The issue that arises for non-immigrant visa holders who may want to apply for a Change of Status or Adjustment of Status is that in doing so, it brings into question whether or not the applicant had a “preconceived intent” at the time that they were granted their non-immigrant visa; this is the basis for the 30/60 day rule. According to the Department of State’s Foreign Affairs Manual (9 FAM 40.63, N 4.7), the 30/60-day rule is meant to be used for guidance only, since it is not governed by the statutes or regulations. Thus, it should not be used in a denial. However, as a general rule, a person cannot have preconceived intent to enter the U.S. for a purpose different from that permitted under his/her non-immigrant visa.
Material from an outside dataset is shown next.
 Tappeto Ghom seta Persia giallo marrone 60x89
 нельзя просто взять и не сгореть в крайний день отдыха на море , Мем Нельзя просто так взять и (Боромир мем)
If an alien files an immigration petition or applies for an adjustment of status within 30 days’ entry into the United States, the USCIS would likelyfind that the alien entered with “fraudulent intent” to remain in the U.S. and the non-immigrant visa would be classified as fraudulently obtained under the laws. If the alien applies for a change of status or adjustment of status after 30 days but before 60 days after entry, the USCIS could view the change or adjustment with an assumption that he/she had a “preconceived intent” to enter as a non-immigrant. However, the assumption may be rebutted by the applicant with evidence showing a change of circumstances.While it is not a guarantee, if the alien applies for the change of status or adjustment status after 60days of entry into the U.S., USCIS may not look upon the application negatively. The best practice regarding non-immigrant visas, however, is to abide by the time restrictions that are allotted on the NIV assigned to the alien. [INA 214]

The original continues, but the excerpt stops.